Wid Turbine & ID

Mr-914:

You’re right, it’s about a bachelor’s final project.

And to be honest, before readin’ your replies I haven’t thinking by this way:
"It would only make an ID project if you focus on the desirability, usability, or design-strategy elements of the turbine" (thanks for this words cg)

I really appreciate your comments. In one hand I refuse to risk my neck at all as an emergin’ ID . In the other hand I consider that to stand on one’s own two feet in energy therms is a goal we must persuit ¿as humans? ( and i don`t wanna save the world by my own points of view)…

My dilemma is the fine line that divide ID with Engineering, I know both are complementary , but an the end I do agree that final project must be a kind of showcase for my skills and “capabilities” as a result from all this years at school.

I’ve found this by spending some few clicks sailing the internet sarching for ID students with a similiar situation, and at this time : not a lot of succes. The next link shows some interesting wind turbines, of course this products aren’t from an ID.

http://www.loopwing.co.jp/en/entop.html

But after reading some sutff on this site only can say:

“ther’s more than one way to skin a cat”… But in therms of wind & engineering (a lot of accuaracy and no mistakes) , maybe there are only few ways avaible to skin the cat…

Maybe searchin’ for a more user-centered position to this project could help… or search for other project to develope it.

I disagree with anyone that says that this can’t be an ID project. In fact, I find this to be one of the areas most in need of ID thinking.

If you consider ID to be ONLY a visual experience, or you take on the project and you don’t work with an engineer on it, you will not have a viable project.

Wind Turbines have a HUGE potential for ID and the kind of thinking that can come from the ID process. Design is not just what the product looks like.

How do you design a turbine (with all the mechanical constraints) to be visually appealing?
How can turbines be less “mechanical looking”?
How can turbines be used in other ways than wind farms?

This is a huge industry and I think it could use some great Design Thinking.

The aerodynamic form will require specific two degree curves Y=X^2 with specific ro values. square root of 2 - 1 or more basically a conic form. Depending upon the Reynolds Numbers and values required Reynolds number - Wikipedia to make lift with respect to air density.
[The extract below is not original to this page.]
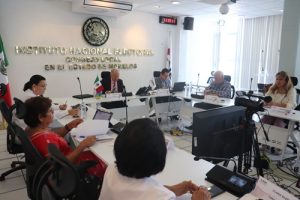 Integrantes del Consejo Local del INE en Morelos sentados en la sala de sesiones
Usually in these sensitive areas where lift is significant, specific conic forms are required. I have been working on military flying drones over the past three years in San Diego and the southern California desert. I’ve learned quite a bit from the aerodynamics guys in my efforts to aid in parametric modeling. In these cases of precise arrow forms, Alias maya, rhino, ISDX and the like are not good for the precise shapes required to make lift. The free form tools are not good for making the stealthy forms and where the precise math is required. With deeplabs, modeled the stealthy UAV predator ‘C’ that has just been announced.
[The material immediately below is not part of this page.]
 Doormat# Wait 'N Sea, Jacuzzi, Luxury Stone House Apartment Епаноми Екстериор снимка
Where these free form tools do come into play are for blending wing tips, and transitions from fuselage to wing or in and around the NACA ducts (pre NASA) for bringing in air to cool avionics, and inlet areas. where the jet engine receives its air intake.

In the case of the turbine blade you have a steady tunnel of wind at a variating velocity and air densities… (boy those are big) I saw some in transport last weekend while on a road trip to IOWA speedway. One blade took up twice the length of a semi trailer. There were three semi trailers moving in convoy down the Iowa expressway.

There are good arguments in both directions for this. I have to say that yes, this area definitely needs some ID in it. I drive though the huge wind fields in Iowa on the way to my parents house once in a while, and I swear I’ve almost wrecked my car at least once because they are mesmerizing. I feel like theres a lot that can be done in that area in the arena of how people interact with them in their space.

On the other hand, your these is the project that lands you a job, you work on it for months and you will spend the following months talking about it at length. So it had better be the area you want to go into. Why don’t you want to save the world? Thats a shame, ID has always been about generating better concepts for the benefit of both users and manufacturers, and I would say generating concepts that are socially and environmentally responsible benefit everyone.

Engineering and Design are complementary, but unless you are an engineer, you aren’t an engineer, so it really won’t work for you to pretend to be one. This is just like when a lot of designers try to be graphic and web designers when putting together portfolios and websites and it quickly becomes obvious that they aren’t. I’m not saying you can’t learn some engineering things.

Wind energy is in a field that is engineering based, with little ID presence, and I know from experience that you can’t walk into an engineering firm and convince them to hire someone right out of school to start a design department for them. So I don’t see a lot of career opportunities for you with this type of project.

But then again what do I know, If you do this and do it crazy awesome someone will see your skill set, attention to detail, ability to understand complex ideas and work with engineers, and concern for the future of humanity, (even though you have already said you aren’t).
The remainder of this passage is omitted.